** Work to be completed **
Each line of the data holding "Cover" should be found and copied.

%%

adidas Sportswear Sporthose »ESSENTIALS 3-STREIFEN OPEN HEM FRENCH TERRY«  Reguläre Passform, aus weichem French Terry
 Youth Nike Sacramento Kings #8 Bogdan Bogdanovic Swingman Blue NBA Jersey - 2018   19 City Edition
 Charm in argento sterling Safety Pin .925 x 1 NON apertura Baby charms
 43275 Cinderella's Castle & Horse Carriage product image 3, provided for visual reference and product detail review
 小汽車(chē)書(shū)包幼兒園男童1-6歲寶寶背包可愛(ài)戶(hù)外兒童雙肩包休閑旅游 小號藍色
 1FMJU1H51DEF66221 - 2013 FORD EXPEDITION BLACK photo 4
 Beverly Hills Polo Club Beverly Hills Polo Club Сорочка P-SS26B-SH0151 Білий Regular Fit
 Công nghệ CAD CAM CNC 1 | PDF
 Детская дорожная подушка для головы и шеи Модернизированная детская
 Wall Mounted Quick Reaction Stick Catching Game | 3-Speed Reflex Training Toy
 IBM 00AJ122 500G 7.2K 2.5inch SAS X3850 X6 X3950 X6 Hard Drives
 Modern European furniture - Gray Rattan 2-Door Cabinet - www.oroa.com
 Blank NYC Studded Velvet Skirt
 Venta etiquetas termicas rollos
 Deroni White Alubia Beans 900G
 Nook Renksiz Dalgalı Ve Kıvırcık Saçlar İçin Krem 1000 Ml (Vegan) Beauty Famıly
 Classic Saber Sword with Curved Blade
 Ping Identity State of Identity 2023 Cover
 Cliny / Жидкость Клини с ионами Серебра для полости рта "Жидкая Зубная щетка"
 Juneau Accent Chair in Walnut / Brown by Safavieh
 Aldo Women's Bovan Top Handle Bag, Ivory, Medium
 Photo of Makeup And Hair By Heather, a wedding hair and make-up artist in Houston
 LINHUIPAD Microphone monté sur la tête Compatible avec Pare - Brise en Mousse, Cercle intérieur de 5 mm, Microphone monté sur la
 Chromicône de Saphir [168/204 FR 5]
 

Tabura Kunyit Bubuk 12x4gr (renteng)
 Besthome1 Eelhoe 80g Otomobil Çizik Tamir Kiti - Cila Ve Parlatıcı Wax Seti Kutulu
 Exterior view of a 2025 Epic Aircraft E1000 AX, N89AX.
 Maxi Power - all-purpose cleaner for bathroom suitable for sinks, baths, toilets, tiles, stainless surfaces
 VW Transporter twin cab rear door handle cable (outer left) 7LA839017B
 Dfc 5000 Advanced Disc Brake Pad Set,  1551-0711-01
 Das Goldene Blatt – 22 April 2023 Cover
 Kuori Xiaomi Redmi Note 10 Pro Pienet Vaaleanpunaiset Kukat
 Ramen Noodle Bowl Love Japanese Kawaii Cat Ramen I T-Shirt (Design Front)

%%

** Written reply **
 Ping Identity State of Identity 2023 Cover
 Das Goldene Blatt – 22 April 2023 Cover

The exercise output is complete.